Weather helps Neff to huge Yukon Quest lead YUKON QUEST: Tok musher gets past a storm that turns back Gatt, opens up a nearly 10-hour cushion.

Weather became a major player in the Yukon Quest as mushers headed from Canada to Alaska in the 1,000-mile sled dog race Friday, forcing a couple of mushers to retreat, prompting race officials to call in the Mounties to aid an Anchorage rookie and providing race leader Hugh Neff with a blessing.

Neff, the perennial contender from Tok, drove his 13-dog team up and over American Summit and into Eagle -- the first checkpoint in Alaska -- early Friday morning, ahead of the worst of a storm that brought howling winds and heavy snowfall, limiting visibility and blowing in portions of the trail.

The result: A lead that looks insurmountable with less than 400 miles remaining in the 1,000-mile race from Whitehorse to Fairbanks.

Neff arrived in Eagle a little after midnight Friday, at 12:18 a.m.

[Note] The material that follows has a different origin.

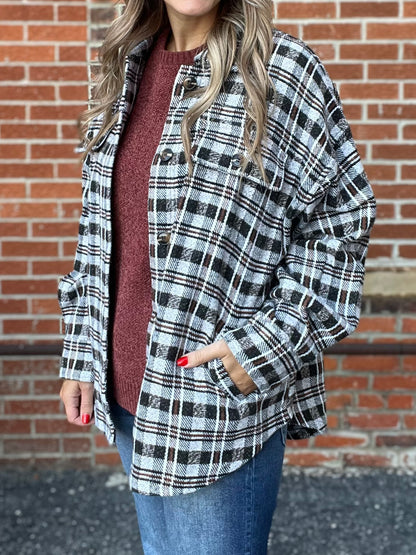 The Roman Rustic Plaid Shacket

Arriving more than 12 hours later was Hans Gatt, the defending champion from Whitehorse and Neff's closest competition.

Gatt was less than three hours behind Neff when the two left Dawson City early Thursday morning. That was a big enough gap for Neff to wind up on the right side of the storm and Gatt to wind up on the wrong side.

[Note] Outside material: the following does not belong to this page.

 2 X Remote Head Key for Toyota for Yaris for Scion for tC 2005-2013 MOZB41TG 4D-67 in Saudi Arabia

Though Neff mushed through strong winds and blowing snow as his team made the 150-mile run between Dawson City and Eagle, he escaped the worst of it.

Gatt and others weren't as lucky. An update from Quest organizers said Gatt holed up for a few hours on the Canadian side of 3,420-foot American Summit, "likely holding tight until conditions improve."

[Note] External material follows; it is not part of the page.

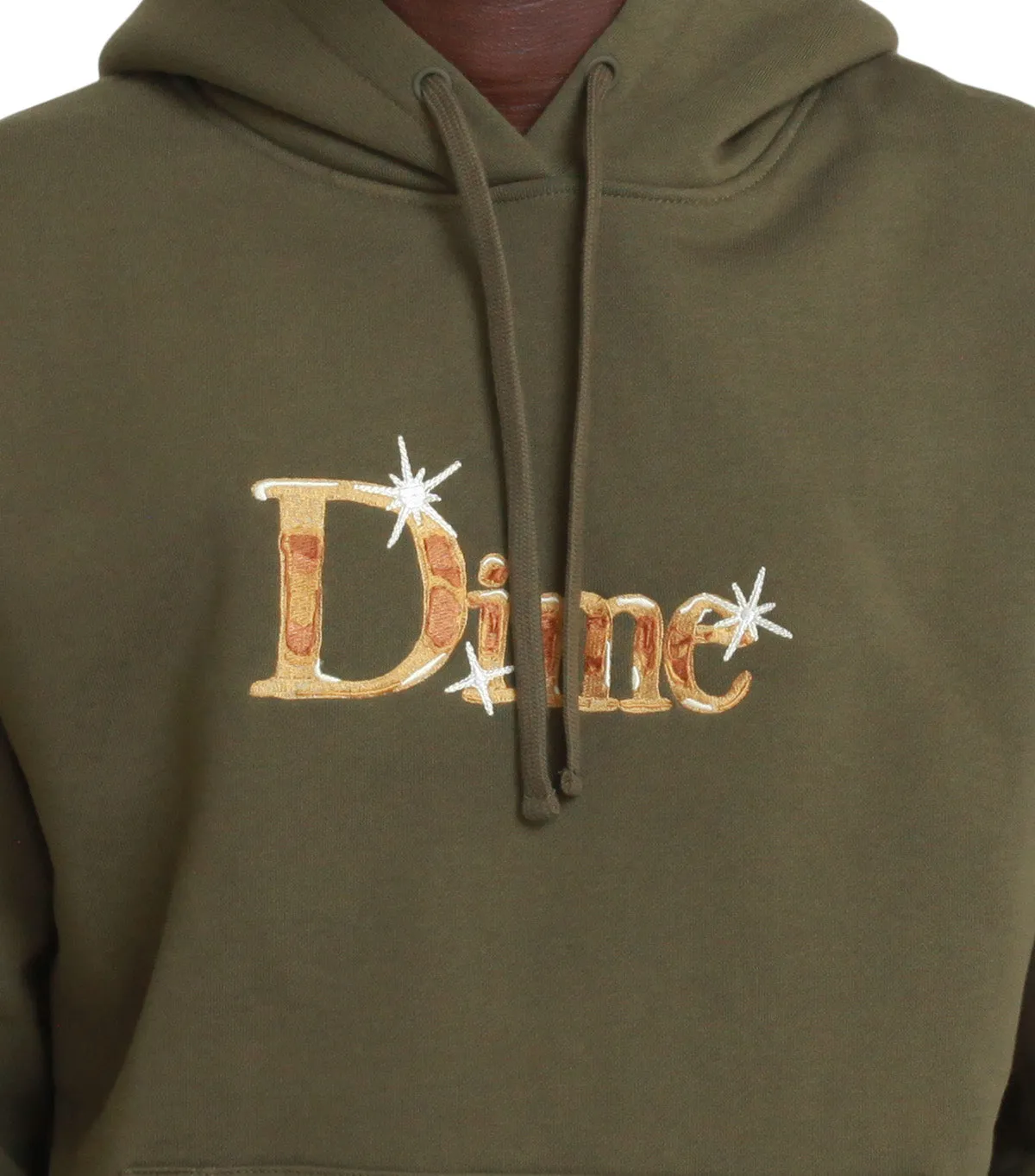 Dime Classic Shiny Hoodie Dark Olive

The weather turned back at least two mushers who had begun the run to Eagle.

Clint Warnke of Fairbanks drove his team out of Dawson shortly before 10 a.m. Friday, but returned after encountering blown-in trail and poor visibility, the Quest reported. He was deciding whether to scratch or wait until 10 p.m. Friday and caravan with a group of mushers expected to leave then, when their 36-hour mandatory layovers end.

The mandatory layover for Fairbanks musher Tamara Rose ended at 2:14 p.m. Friday, but Quest officials said she delayed her departure by several hours so she could join the 10 p.m. caravan too, probably figuring there is safety in numbers.

As for Anchorage rookie Christine Roalofs, she was already running at the back of the pack when a snowstorm slowed her progress even more on her run from Scroggie Creek to Dawson.

A report from Quest officials said she was 38 miles outside Dawson on Thursday afternoon when she pushed the helped button on her SPOT unit. Race officials sent a crew with extra supplies and Roalofs, who was low on food, accepted the supplies. That automatically disqualified her, because race rules forbid mushers to accept outside assistance anywhere on the trail except Dawson.

Early Friday morning, Canadian Rangers and a Royal Mounted Police team brought Roalofs and her dogs to Dawson. "She was met at the intersection of the Klondike Highway by her handlers and dog truck," said the Quest report. "Everyone is safe."

Presumably Neff's lead is also safe, although the weather could throw a roadblock his way too. Neff, 43, has finished eight Quests and has been in the top-3 three times, including last year when he was third and 2009 when he was second.

Neff left Eagle at 7:45 a.m. Friday, bound for Slaven's Roadhouse, 101 miles down the Yukon River. Gatt and his 11 dogs left at 5:30 p.m., 45 minutes ahead of Ken Anderson of Fox, who is down to eight dogs from his original 14. Brent Sass of Fairbanks left four minutes after Anderson with 11 dogs.

As his team climbed American Summit late Thursday night, Neff didn't know he was in the process of opening a huge gap, he told Fairbanks radio station KUAC. He just knew conditions were awful.

"You could literally hear the roar of the wind," he said. "And the dogs were looking around and I kept turning around thinking it was Hans Gatt, and it was the dogs looking at the wind. It was pretty weird."